COLLECTED DATA:
=== Section Start ===
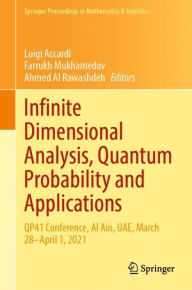 Title: Infinite Dimensional Analysis, Quantum Probability and Applications: QP41 Conference, Al Ain, UAE, March 28-April 1, 2021, Author: Luigi Accardi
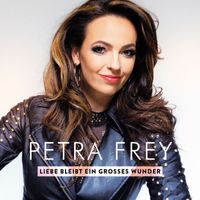 Petra Frey - Liebe bleibt ein großes Wunder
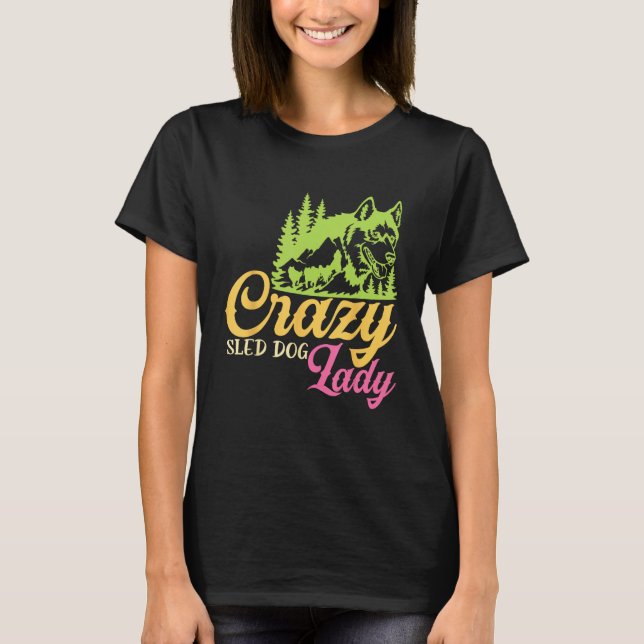 Crazy Sled Dog Lady Mushing Sled Dog Team T-Shirt (Front)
=== Section End ===
DIRECTIONS: The pictures stay out; copy the rest of the data word for word.

EXPECTED OUTPUT:
 Title: Infinite Dimensional Analysis, Quantum Probability and Applications: QP41 Conference, Al Ain, UAE, March 28-April 1, 2021, Author: Luigi Accardi
 Petra Frey - Liebe bleibt ein großes Wunder
 Crazy Sled Dog Lady Mushing Sled Dog Team T-Shirt (Front)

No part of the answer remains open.